Le débat entre tradition et tourisme obscurcit l’avenir des célèbres festivals locaux

Le débat entre tradition et tourisme obscurcit l’avenir des célèbres festivals locaux

Trouver un équilibre entre la nécessité d'attirer les visiteurs tout en préservant les rituels traditionnels est un défi permanent pour les communautés japonaises où les festivals locaux sont des atouts précieux qui génèrent des dépenses touristiques indispensables, mais parfois au détriment de la culture.

Cela semble être particulièrement vrai pour un sanctuaire shinto dont la célébration annuelle des divinités, vieille de plusieurs siècles, est devenue une attraction festive massive pour l'ancienne capitale japonaise de Kyoto, une ville déjà sous le poids du tourisme.

La pratique relativement nouvelle consistant à vendre des sièges haut de gamme à des personnes prêtes à payer pour une vue ininterrompue du défilé tout en se voyant servir de la nourriture et des boissons suscite encore plus d'inquiétude.
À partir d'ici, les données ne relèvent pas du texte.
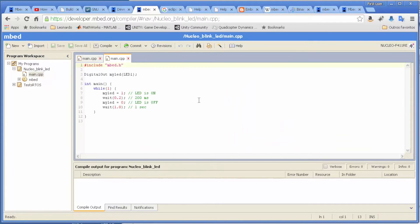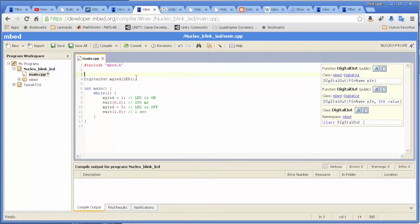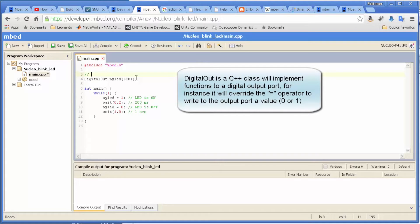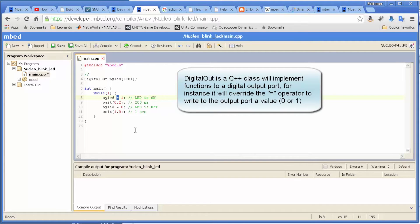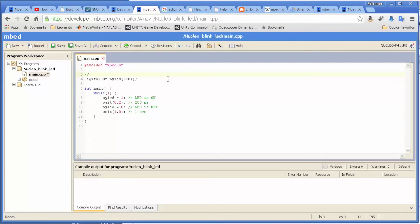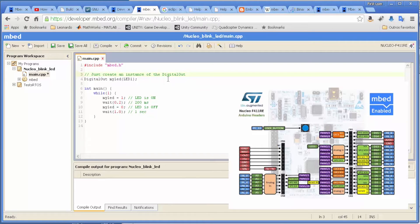So here is the code. This part is quite simple. We just create this DigitalOut - it's a class that implements functions. In this case, it's overwriting the equal operator to write something into a binary I/O port. So we just create an instance of the DigitalOut object that is going to point to port LED1.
Les organisateurs locaux de festivals à travers le Japon espèrent tirer profit des étrangers aux poches bien garnies qui veulent vivre l’expérience de leur vie.

Lorsque les billets spéciaux ont été vendus au célèbre festival de Gion à Kyoto, le prêtre en chef du sanctuaire Yasaka, qui supervise l'extravagance d'un mois en juillet, a critiqué le concept, en particulier le service de boissons alcoolisées.

Affirmant que cette fête profondément religieuse « n'est pas un spectacle » mais un événement sacré, le prêtre Akiyoshi Nomura, âgé de 65 ans, a menacé de démissionner du conseil d'administration de l'association touristique de la ville de Kyoto à cause de la question de l'alcool.

Nomura défendait la longue et importante histoire de la fête du sanctuaire qui aurait commencé pendant la période Heian (794-1192) comme rituel de purification lors d'une épidémie. Plus tard, il s'est transformé en un festival shinto annuel pour accueillir et dire adieu aux dieux et déesses, selon le bureau municipal de Kyoto.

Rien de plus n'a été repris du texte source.